**About this exercise**
From the material below, set down exactly the lines that run from the one containing "The Blair Witch" to the one containing "Richmond Gilet Imbottito da Uomo Nero", minus the pictures.
---------- Supplied records
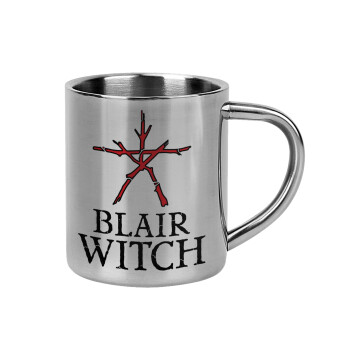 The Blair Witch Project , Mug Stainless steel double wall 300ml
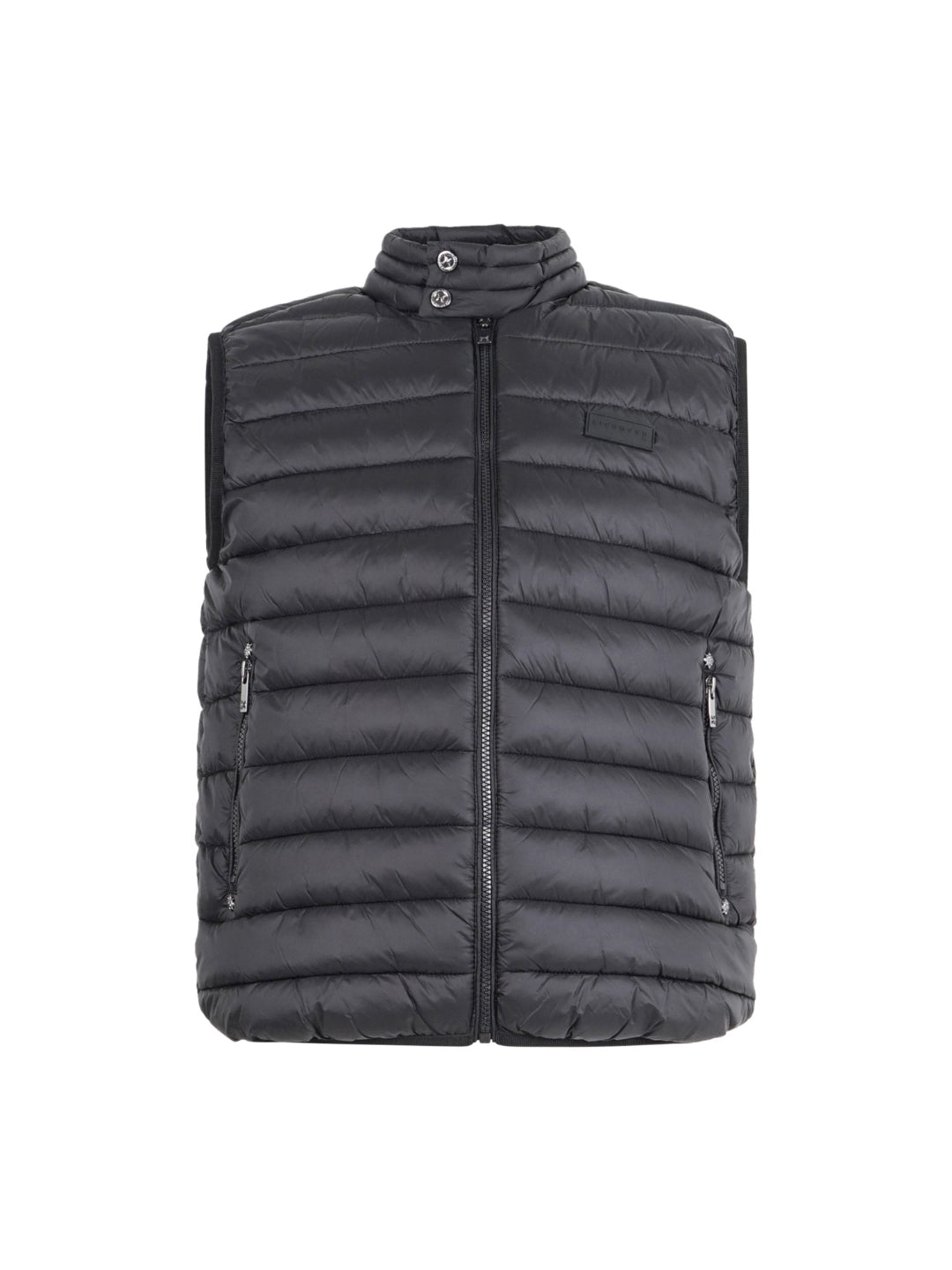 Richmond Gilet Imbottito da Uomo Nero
--------------------
---------- Supplied records
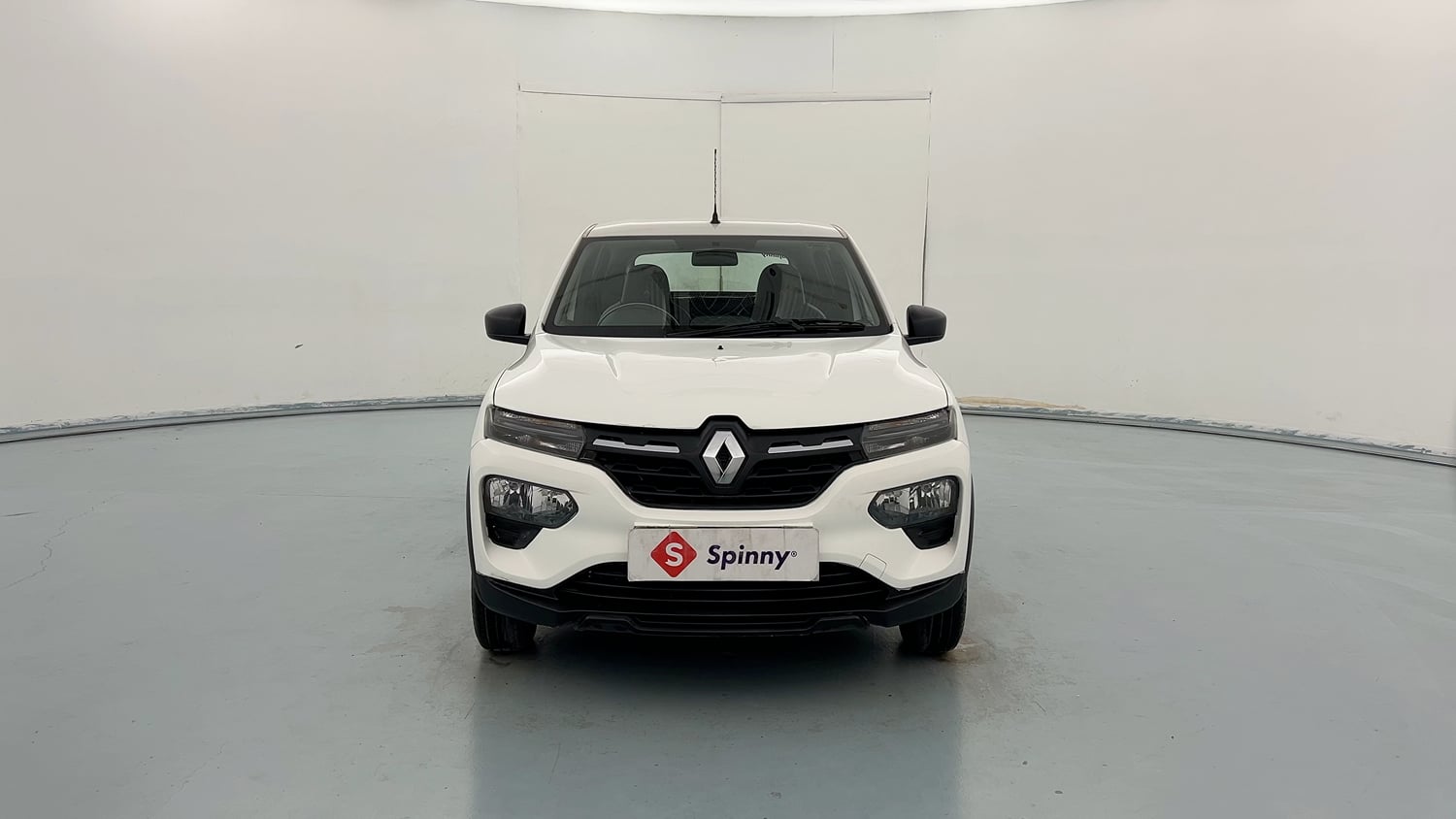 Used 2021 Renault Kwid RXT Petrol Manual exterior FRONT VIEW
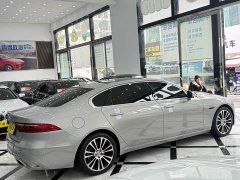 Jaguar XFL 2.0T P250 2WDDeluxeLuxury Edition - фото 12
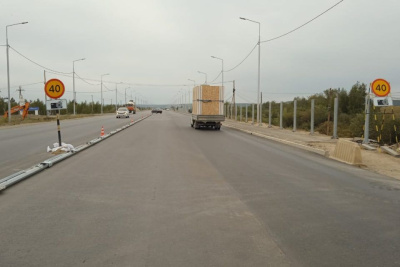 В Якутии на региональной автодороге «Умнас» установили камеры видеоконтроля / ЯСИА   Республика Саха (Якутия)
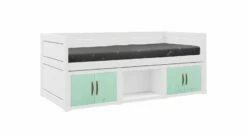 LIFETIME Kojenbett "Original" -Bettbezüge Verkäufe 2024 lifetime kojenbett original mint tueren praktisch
--------------------
**Output for this exercise**
 The Blair Witch Project , Mug Stainless steel double wall 300ml
 Richmond Gilet Imbottito da Uomo Nero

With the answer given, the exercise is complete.